Carla, acho que também tu aprecias este tipo de lugares 🙂 Beijinho e boas viagens…
Que aventura e que lugar interessante! Sempre que visito seu blog acabo conhecendo algo que nunca tinha ouvido falar. Eu acho muito bacana fotografar lugares abandonados / ruinas e entender porque tais lugares chegaram ao lugar que chegaram. Obrigado por compartilhar.
Abs
Obrigado, Oscar 🙂 Sim, também curto esses lugares abandonados… e saber um pouco da sua história. O que os levou à ‘glória’ e posteriormente à queda e esquecimento. Abraço e boas viagens!
Nissa, que aventura incrível e que coragem! Eu jamais entraria por um buraco assim e nessas condições. Estou de boca aberta com sua façanha e com a história! Parabéns!
Por vezes, devemos enfrentar as nossas “limitações” 🙂 Beijinho e boas viagens…
que local impressionante e ao mesmo tempo aterrador. Acho de uma beleza curiosa lugares abandonados e de certa forma diferentes, um passeio bem curioso!
Sim, diferente. E gosto disso assim 🙂 Lugares menos turísticos… que exijam algo de nós. Beijinho e boas viagens…
Isto é uma jóia de outro mundo heheheh Valeu bem a pena o enfianço, um amigo meu este aí há pouco tempo mas não entrou…vejo que valia bem o esforço. Excelente!
Francisco, foi das melhores “descobertas” que poderia ter feito. O engenho humano é tramado para dar a volta às autoridades :)) Grande abraço!
É muito interessante toda a história envolvida. infelizmente, muitas vezes não sabemos por estar tão distantes, e mais triste ainda é saber que algo com tanta importância na história daquele povo, algo tão diferente e significativo até para a humanidade não tem tanto cuidado como deveria. Imagina um museu todo voltado pra história? Um espaço dedicado a história de ovnis e aparições? Ia ser fantástico.
É isso mesmo, Sabrina. Devemos valorizar sempre a nossa história. Cuidar que se mantém presente. Beijinho e boas viagens…
Sabrina, acho que um povo que não sabe preservar e valorizar a sua história… vai tropeçar nela várias vezes 🙂 Sim, seria uma ótima ideia para um museu. Até porque o lugar é lindooooo…
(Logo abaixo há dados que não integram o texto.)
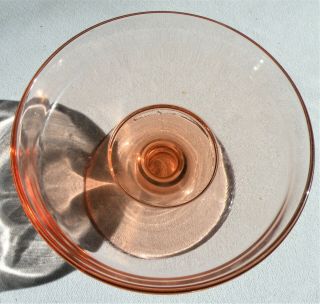 Pink Depression Glass Pedestal Candy/nut Dish -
oh! Que peso histórico carregam as poeiras desse lugar! Que corajoso és tu! Que incrível ver uma nesga do passado búlgaro!
Eu não gosto de degradação, me dói a alma, mas gosto de ruínas… parece incongruente?!
NADA incongruente, Analuiza 🙂 Temos sentimentos algo parecidos. A coragem de nada valia se não fosse o amigo russo… a sua lanterna e vontade de fazer um estranho feliz 🙂 Beijinho e boas viagens…
Ahhh o leste europeu! Como eu tenho vontade de ficar por uns 2 meses explorando esses lugares fantásticos! Putz quanto mais leio sobre essa região da Europa, mais eu me sinto motivado para emitir um ticket e passar uma temporada explorando os países desse lado europeu. Parabéns por mais um post inspirador 😉
Luiz, tira mas é 2 anos!! 🙂 O Leste é a minha zona preferida da Europa, tirando o meu Portugal e a bela Itália. Tudo mais genuíno e menos turístico. Abraço e boas viagens!
Uau que aventura. Eu li o titulo do post e imaginei uma coisa, e fui surpreendida por outra completamente diferente -e tao interessante!
Que sorte voce deu ao achar alguém pra mostrar o caminho, eu também teria ficado muito muito frustrada de não entrar, ainda mais porque, de dentro, as surpresas foram ainda maiores!
Bom texto, como sempre! Historia incrível, como sempre! 🙂
Obrigado, Klecia 🙂 Gosto desta gente que se ‘sacrifica’ para fazer os outros felizes. Com as minhas vertigens, poderia ser complicado aventurar-me. Ainda por cima sem lanterna. Bom, a vida compensa os ousados e quem persiste em sorrir 🙂 Beijinho e boas viagens…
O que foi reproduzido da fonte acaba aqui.